Colors of the celebration

Festive fireworks and bridge lights reflect in the Arkansas River at Little Rock. (Linda Henderson photo)

by Linda Henderson

You can’t say Fourth of July without thoughts of fireworks. The celebration brings the sights of red, orange, yellow, green and blue fire blasting into the hot and humid Arkansas sky. The sound of exploding colored charges brings “ohhhs” and “ahhhs” from crowds gathered around. But what causes those beautiful colors?

The Science Nerd and college chemistry minor in me wants to know where the colors come from. The simple answer I found was chemistry. The colors in fireworks are created by adding metal salts to black powder. Fireworks are basically small rockets designed to explode in a very controlled way. The explosion renders bursts of brightly colored light or pellets called stars.  

Metal salts commonly used in firework displays include: strontium carbonate for red fireworks, calcium chloride for orange fireworks, sodium nitrate for yellow, barium chloride for green, and copper chloride for blue fireworks. After a firework is ignited, there is an explosion of black powder in a confined space that causes a fast increase in heat and gas that lifts the firework into the sky. A time-delayed fuse slowly burns into the firework shell and after about 5 seconds, the core is kindled and the metal salts are released in a beautiful fiery display.  

Fireworks have been around for a very long time.
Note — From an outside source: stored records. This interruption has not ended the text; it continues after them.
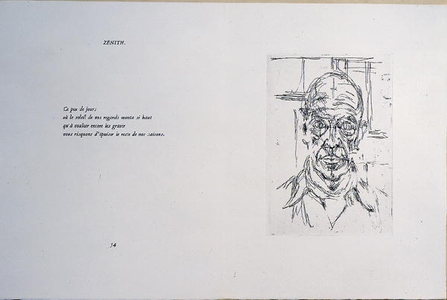 Portrait of Michel Leiris (1901-90) with a poem, 1961 (etching)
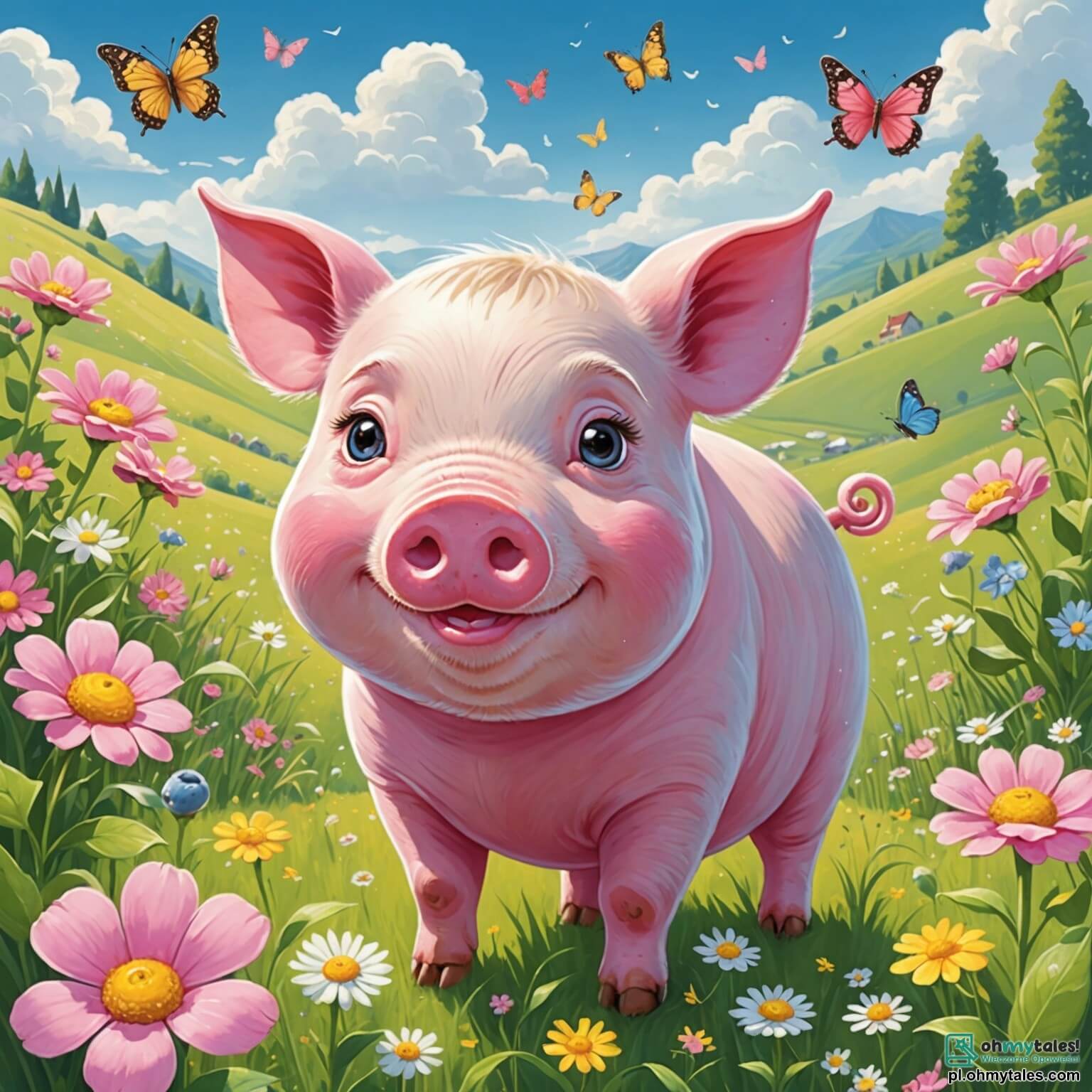Une illustration destinée aux enfants représentant un cochon rose et joufflu, aux yeux pétillants de malice, qui rêve d'aventures sucrées dans un vaste champ verdoyant parsemé de fleurs colorées et de papillons virevoltants, où il se lance avec enthousiasme à la recherche de trésors sucrés, accompagné de sa meilleure amie, une petite chatte grise à la queue enroulée, sous le doux soleil d'un matin enjoué.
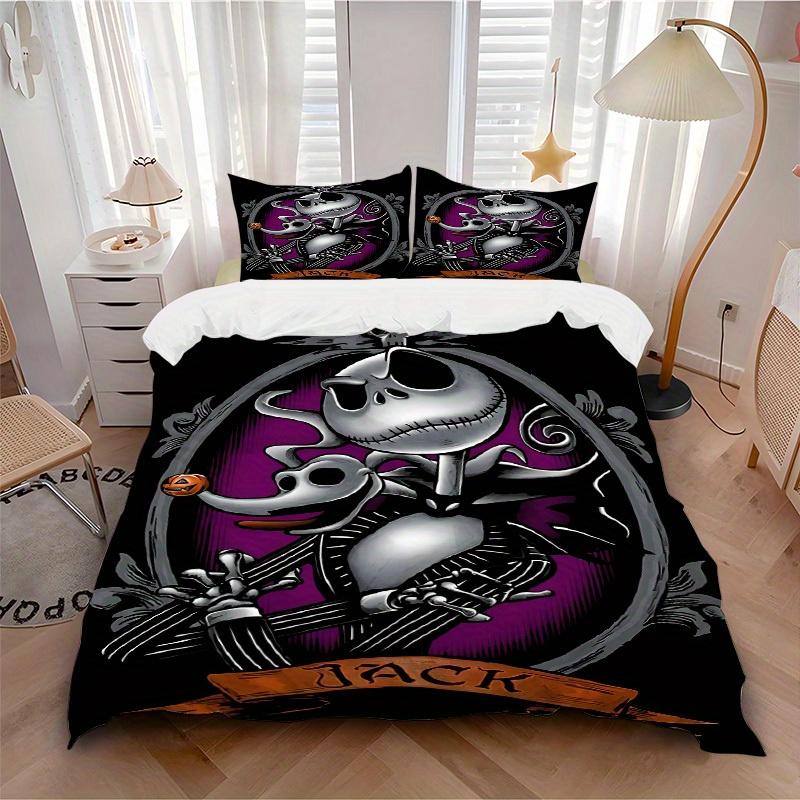 

3pcs set Jack Skellington, Nightmare Before Christmas1pc of quilt cover+2pcs of pillowcase, no core, print bedding, All Seasons Bedroom Setting012 135x200cm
They were likely invented in China during the 6th century. During the 13th century, Europeans started to use them as a way to celebrate national events.  They became popular in the United States during the 18th century as a way of celebrating Independence Day. The first use of fireworks to celebrate Independence Day was recorded in the Pennsylvania Evening Post in 1777. “The evening was closed with the ringing of bells, and with a grand exhibition of fireworks.”  

So, on this July 4th, let the tradition of lighting the sky with patriotic colors and the sound of exploding rockets, firecrackers, sparklers and spinning pinwheels continue. I will now, not only appreciate the bright colors and festivities, but also the science of fireworks.